Nvidia will look you in the eye and tell you that it is because of a shrink of the G92 from 65nm to 55nm, aka the G92b. That explanation doesn't hold water, though. The difference between the BoM (Bill of Materials) for the two boards is almost entirely down to the silicon. For the G92, the die was 17x18mm, 306mm^2 for the math impaired. The shrink is 15.5x15.5mm or 240.25mm^2.
Pulling out the handy dandy INQUIRER TSMC Silicon Costing Calculator (R)(C)(TM) (ITSMCSCC for short, rhymes with 'FDIV bug'), we get cost of about $49 for the G92 and $39 for the G92b. This means that to meet 50+ per cent margins, they need to sell the kits for minimum $100 and $80 respectively, likely more when you take packaging into account.
If you recall back to that famous conference call, NV blamed the margin drop on crappy G92 yields. Fair enough. Now it is doing a shrink which increases defectivity going from 65 to 55, but gains them more die candidates, and gives a little better electrical characteristics. On top of that, it is upping the bins from 675MHz to 738, roughly 10 per cent higher clocks. There goes any cost savings from the shrink, but the fab gets lots of drop out 675MHz parts.

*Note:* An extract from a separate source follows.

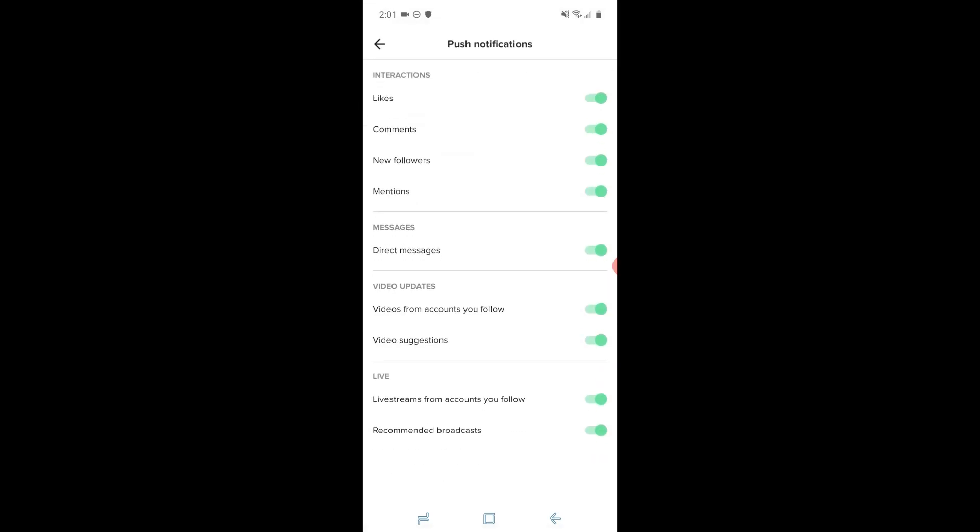And there you can go ahead and customize which notifications you would like to receive. You can turn off and on the likes notification, comments, new followers, mentions, direct messages, videos from accounts that you follow, video suggestions, live streams from accounts that you follow, and recommended broadcasts.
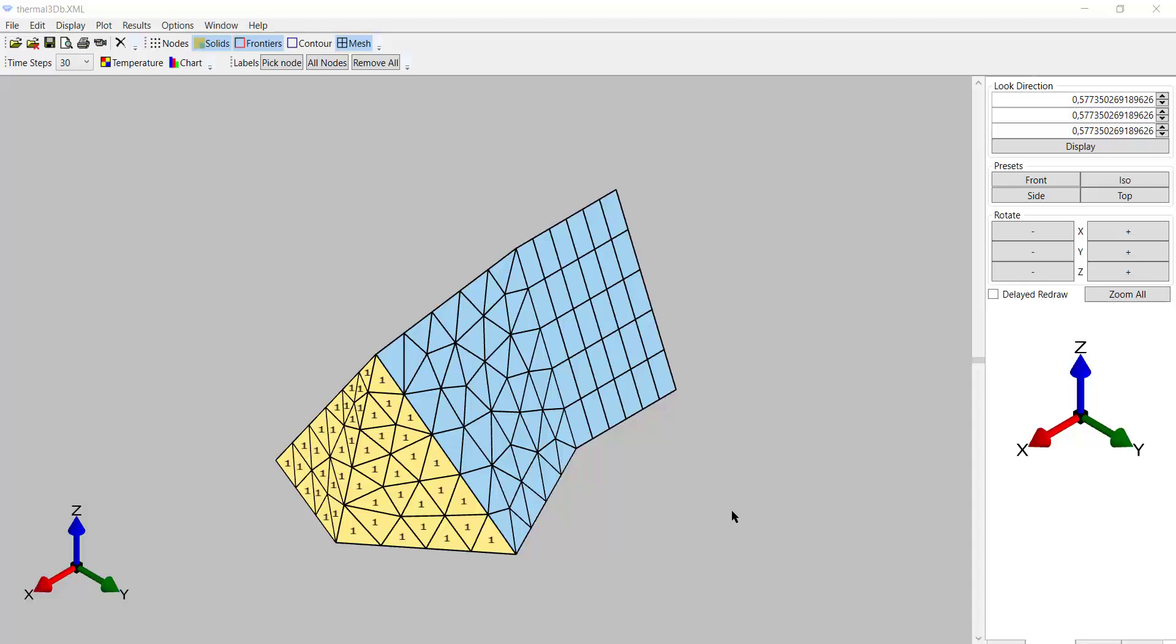Good morning. Today we are going to learn how to create with GM Saphir a model for a 3D thermal analysis. And here we see with Diamond the result that we want to achieve.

In the end, the cost savings from the shrink are little if any, but we will go with the $10 figure until we get the real numbers from our NV engineering moles in a few days. Let's also be generous and assume that the kit cost drops for both parts by $20, and that the boards go down by $5, something that is very unlikely, but not totally impossible.
With the 9800GTX priced at $200, the GTX+ priced at $230, and last week the GTX used to cost $270, we can deduce that $70 and $40 went to the great margin pool in the sky. Now, cost saving will eat $25 or so of this, leaving $45 and $15 respectively unaccounted for. Guess who eats that?
Well, immediately Nvidia does. In a generous move, the firm is price protecting the entire channel, top to bottom. People inside the green nuthouse tell us this is costing "tens of millions", but would not specify if it is high or low tens. Whoops, there go margins for the next CC... unless...
The 'unless' basically erases any goodwill the company might have earned with price protection, it is nuking MDF funding, so no more kickbacks for you. To make matters much happier, the top brass are simply reneging on already promised kickbacks, or so several partners are howling. The only reason to do this is to artificially pump up the margins next quarter on the backs of their partners. Wall Street, pay close attention to the details in the next Q's CC.
The real problem here is that while NV may make 50+ per cent margins, the partners are barely scraping by. 8800 class boards can't be made at a profit anymore, even on top of the $20 NV kickbacks, so the MDF funds were the only thing keeping some of them in the black... barely.
There is one huge NV partner which is essentially bankrupt, being kept alive only because it owes NV far too much money, and writing that off would raise far too many questions. Two or three others are looking longingly at greener pastures, or in this case, less green, and almost none is making any net money on NV products. The MDF removal will likely tip a few over unless NV acts quickly.
If these companies act quickly though, it will lessen their ability to cover up the margin loss, increasing their exposure to real questions during the next CC. If you know the egos involved, you probably realise how adverse they are to concepts like having to answer questions directly with consequences attached. Rock and a hard place.
To sum things up, if NV turns one way, it is screwed, if it turns the other, the partners are screwed. It's covering its own ass by taking partner funding and propping up an increasingly shaky bottom line. This is temporary though, one has to wonder about the partner count by year end, and what Nvidia will cover those losses up with.